Dr. Guglani writes a column for The Lancet. He also had his debut novel, Histories, published in November 2017. It follows the experience of various characters in a hospital over the course of a week.

When did you first decide to become a doctor? Why?
I’ve wanted to be a doctor for as long as I can remember, to be honest. I don’t know that I could articulate the “why”, short of it being an impulse to contribute to others in some fashion. I’m not sure if it was ever the science that especially drew me.

The answer to the question of “why” has evolved with time. There’s a great TS Eliot line which says: “the end of all our exploring will be to arrive where we started, and know the place for the first time”. I think there’s something to it, in that the question and the answer of “why” unravel as you move through time.

I hadn’t really thought of any other profession when applying to university. Having said that, writing and performance were important to me as a young person in medical school. UCL was around the corner from the Royal Academy of Dramatic Arts. I used to walk by it thinking “What if?” and “Wouldn’t it be fun?” At medical school, I took on the role of president of the Medics Drama Society and put on a number of plays. I got a lot of joy and nourishment from doing those. I carried on writing a lot as a student doctor, too.

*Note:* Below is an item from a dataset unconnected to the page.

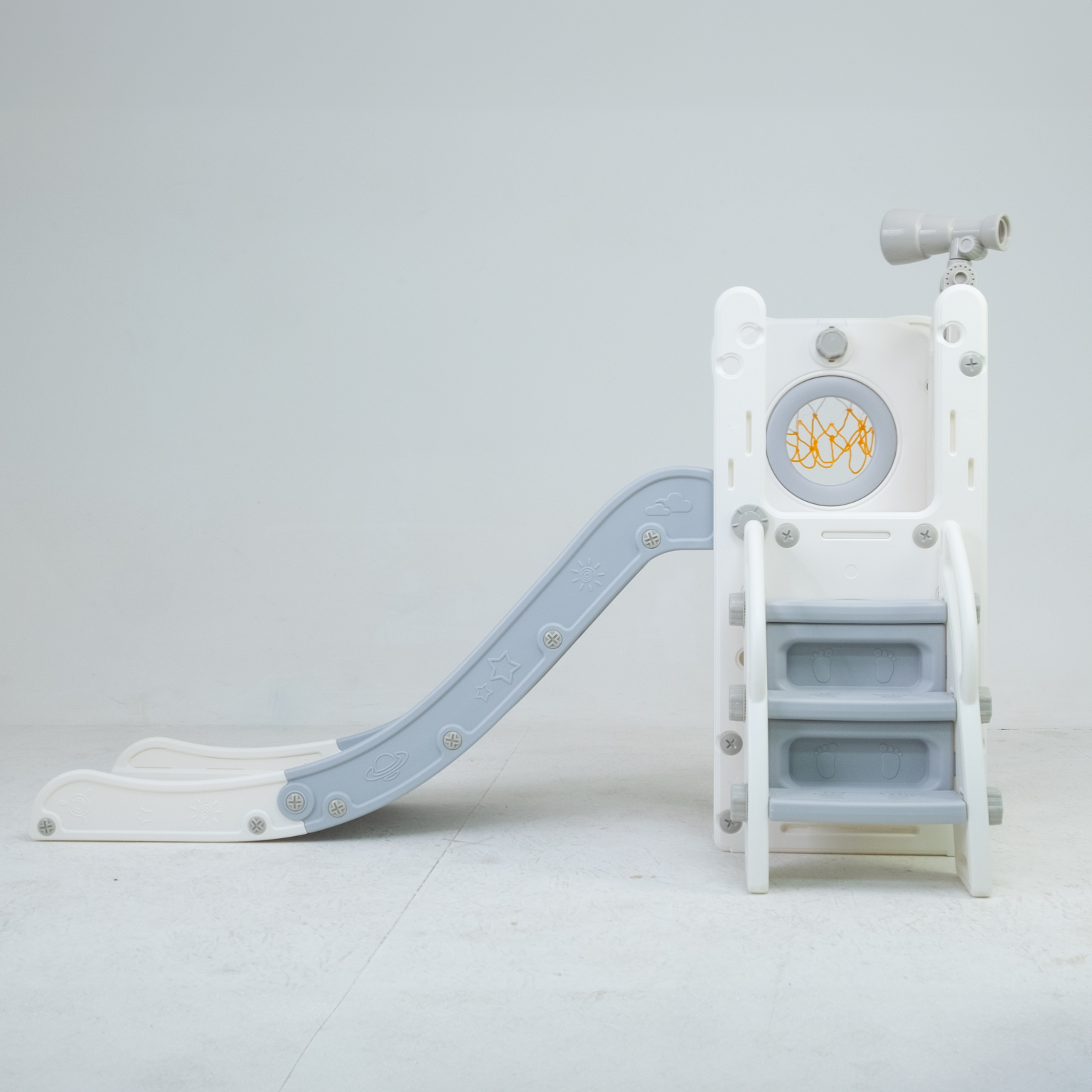 Playground Freso Baby Mini Mundo ALCH5041 1 Torre Grey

How/why did you choose the medical school you attended?
I liked its openness. I also liked its lack of conservatism as opposed to the slightly more Etonian notion of the medical school. I don’t think I thought about it consciously, but I found it warm and receptive.

What surprised you the most about your medical studies?
Nothing in particular. I think I just kind of got on with it, to be honest. When I switched to clinical phase, following a one-year neuroscience BSc—which I loved—I was really taken by the encounters with patients. I liked the transition out of lecture theatres. UCL was also very good at sending you to various parts of the country. You’d get on a train and you’d end up in Dawlish or Camarthen, or wherever. That was good for us.

What information/advice do you wish you had known when you were beginning your medical studies?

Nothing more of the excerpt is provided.